A recent image taken by the NASA-ESA Hubble Space Telescope captures a section of the dwarf spiral galaxy NGC 247, also known informally as the “Eye of the Needle.” It is located at a distance of 11 million light years from the Milky Way and is part of the Sculptor group. in the southern constellation of Cetus.

“The Eye of the Needle gets its nickname because one of its ends has a strange void of stars (not seen in this image),” the Hubble astronomers explained. “This image zooms in on the very edge of the galaxy, on the opposite side of the void.”

As the astronomers comment, “the bright red indicates areas of high-density gas and dust, and robust star formation quite close to the edge of NGC 247. The ‘hole’ in NGC 247 on the other side of the galaxy is a great mystery.”

“There is a shortage of gas in that part of the galaxy, which means there is not much material from which new stars can form.
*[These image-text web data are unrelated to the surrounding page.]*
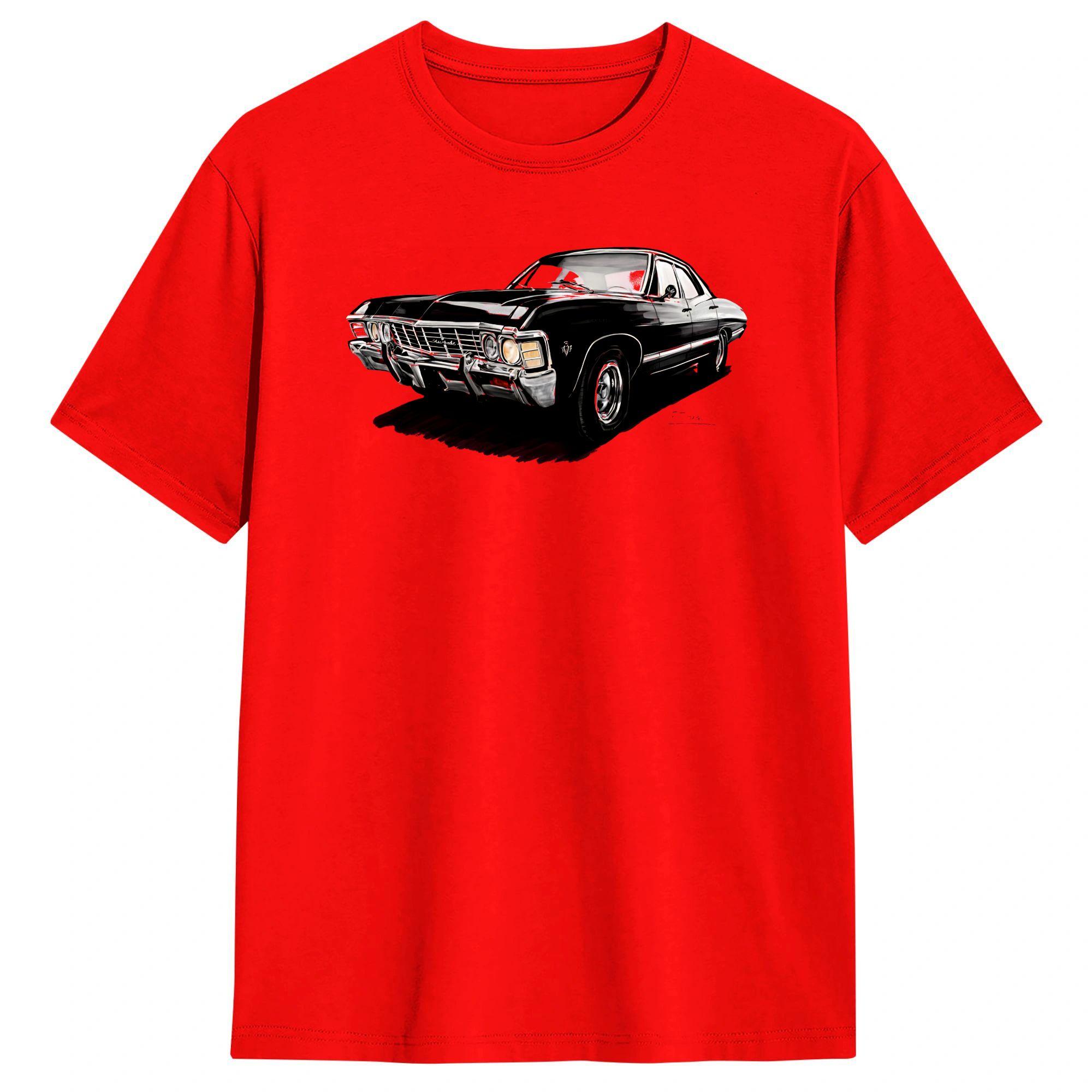 Supernatural Impala T Shirt Summer  100 Cotton TShirts For Unisexs Harajuku Printed Tshirt ShortSleeved Y2K Funny Top Tees S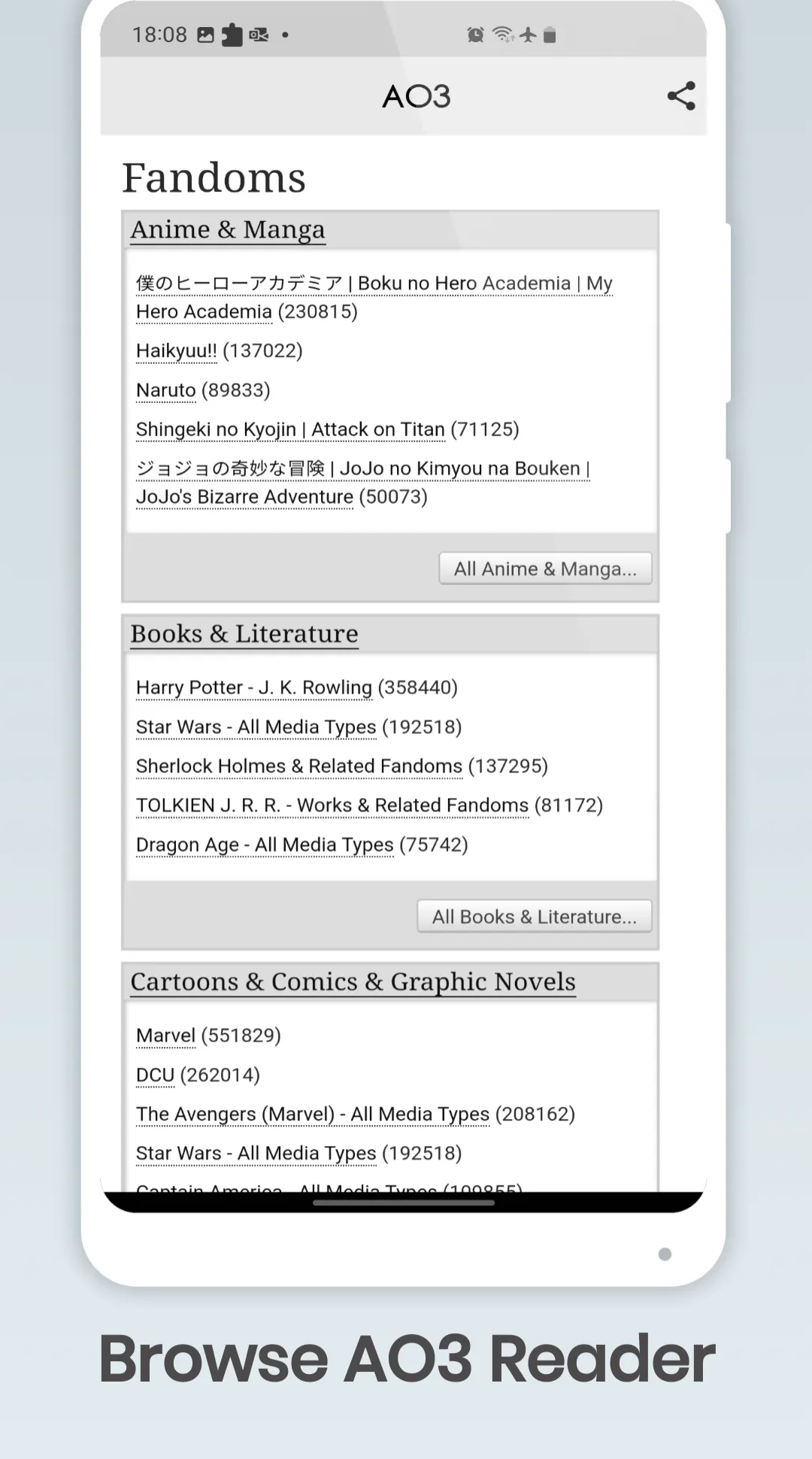 Archive Reader AO3 App | Indus Appstore | Screenshot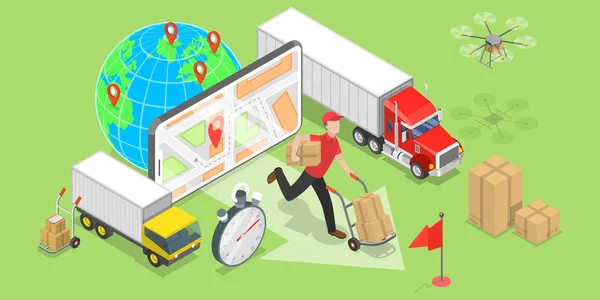 Isometric flat vector concept of smart logistics and transportation. — Stock Vector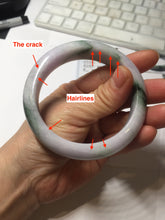 Load image into Gallery viewer, 57.7mm certified 100% natural Type A light green yellow purple(FU LOU SHOU) chubby jadeite jade bangle PA191-4761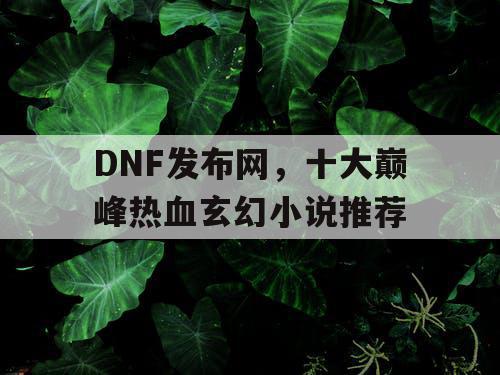 DNF发布网，十大巅峰热血玄幻小说推荐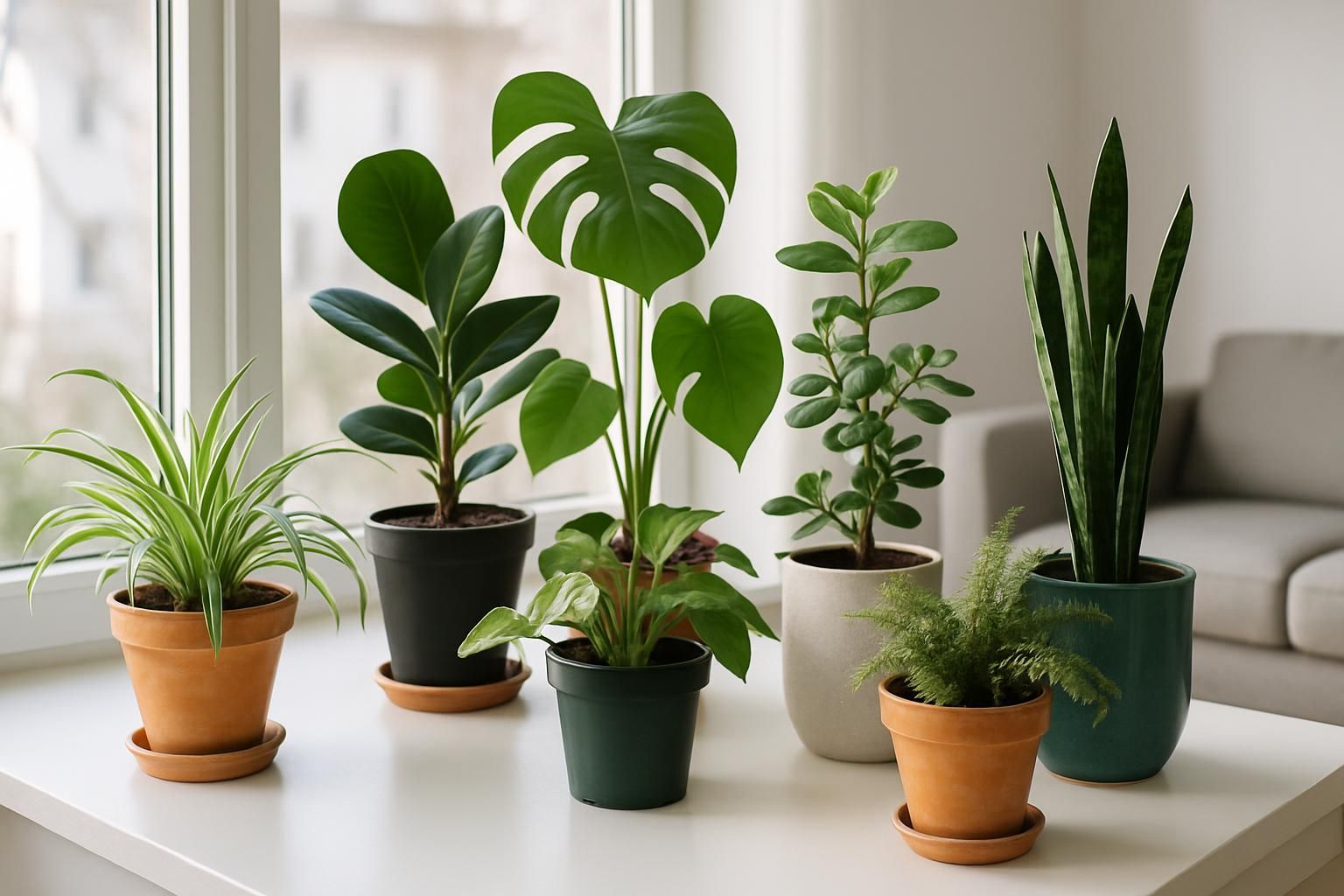 Assorted houseplants in terracotta, ceramic, and plastic pots on a bright windowsill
Since star formation has stopped in this area, old and faint stars populate the void. We still don’t know how this strange feature formed, but studies point to past gravitational interactions with another galaxy.”

The galaxy NGC 247 also hosts an ultrabright X-ray source . Astronomers have been arguing about its nature for a long time. According to one version, they are stellar-mass black holes that absorb an unusually large amount of gas. According to another version, it is a black hole of intermediate mass. Such objects are tens of times more massive than their stellar counterparts, but significantly smaller than the black holes found at the centers of most galaxies. Everything seems to indicate that it is a black hole of intermediate mass.

Reference: NASA / ESA / Hubble / H. Feng, Tsinghua University / G. Kober, NASA’s Goddard Space Flight Center / Catholic University of America.